Denn die sollen nach den Sommerferien umziehen - wohin auch immer. Der Grund: eine Kettenreaktion, ausgelöst durch den Leerzug des Rathauses Wilmersdorf. Weil dessen Mitarbeiter bekanntlich bis zum Jahresende auf andere Liegenschaften des Bezirks verteilt werden müssen, der Platzbedarf aber höher ausfiel als erwartet, musste kurzfristig eine Planänderung her. Und die geht so: Eine der Abteilungen, wahrscheinlich das Vermessungsamt, zieht ins Rathaus Schmargendorf am Berkaer Platz und drängt die dort ansässige Adolf-Reichwein-Bibliothek aus ihren Räumen. Für sie vorgesehen ist ab dem Sommer eben jenes Hortgebäude an der Berkaer Straße, das die Orff-Schule täglich ab etwa 11.30 Uhr vollständig nutzt. Die Hortkinder wiederum wechseln dafür ins Hauptgebäude. Soweit der neue Plan.
Was auf dem Papier machbar scheint, erweist sich in der Praxis als unmöglich. Jedenfalls aus Sicht von Schulleiterin Ursula Riechers: "Wir befinden uns bei der Platzausnutzung im Hauptgebäude bereits am Limit, haben nicht einmal ein Krankenzimmer. Die Liegen stehen auf dem Flur."
Riechers kritisiert nicht nur den Bezirksamtsbeschluss an sich, sondern auch die forsche Art der Mitteilung. Man sei von Schulstadträtin Elfi Jantzen (Grüne) vor vollendete Tatsachen gestellt worden, noch bevor es überhaupt eine Besichtigung gegeben habe. Auch Karsten Sell, der stellvertretende Vorsitzende der CDU-Fraktion, übt scharfe Kritik an dieser Art der Informationspolitik. "Es ist eine Frechheit, wenn man nicht einmal die Eltern informiert", beschwert er sich. Außerdem sei ihm nicht bekannt, dass Jantzen das Bezirksparlament benachrichtigt habe.
Und selbst wenn sich freie Zimmer im Hauptgebäude der Carl-Orff-Schule finden sollten, gibt es entschiedene Bedenken. "Hort ist nun mal nicht dasselbe wie Schule", schimpft Mark Schmiechen. Man könne Kinder, die spielen wollen, nicht dicht an dicht mit denen zusammensetzen, die am späten Vormittag noch Unterricht haben.
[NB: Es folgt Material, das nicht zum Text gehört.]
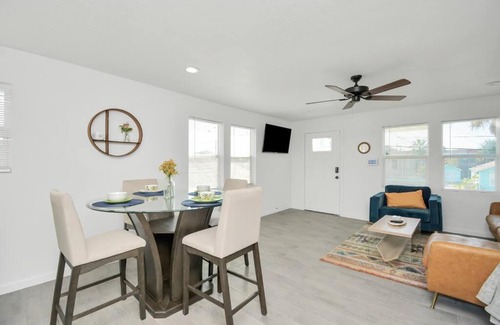Galveston Apartment | Boho By The Beach Sleeps 4 Near UMTB Wifi Parking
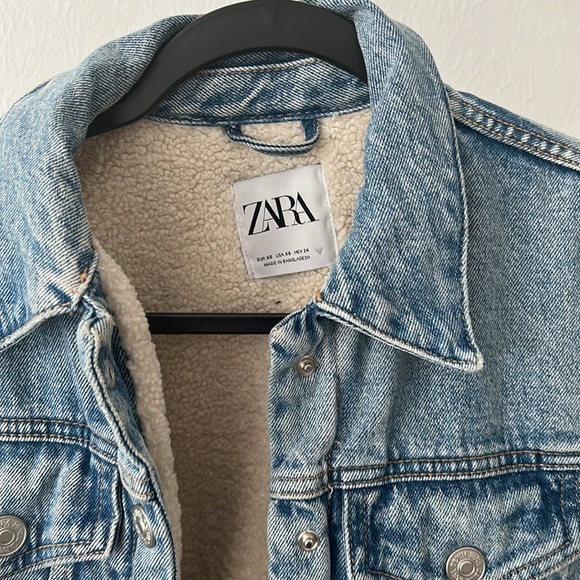 C Zara fleece lined Sherpa denim jacket cropped size xs EUC worn once af3 - Picture 4 of 11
Wie Stadträtin Jantzen mit den Vorwürfen umgeht, ist derzeit nicht zu erfahren; sie weilt im Urlaub. Dagmar König von der CDU, die als Stadträtin für Immobilien den Leerzug des Rathauses Wilmersdorf verantwortet, bekräftigt indes den Beschluss des Bezirksamts und macht der Schule keine Hoffnung, es gebe noch Verhandlungsspielraum. "Horte sind längst Teil der Ganztagsschulen geworden", sagte König im Kulturausschuss der BVV. Dass dies auch räumlich zu verstehen ist, habe man an der Carl-Orff-Schule noch nicht verinnerlicht. "Die Zeiten, in denen wir Räume großzügig nutzen konnten, sind vorbei", stellt König klar.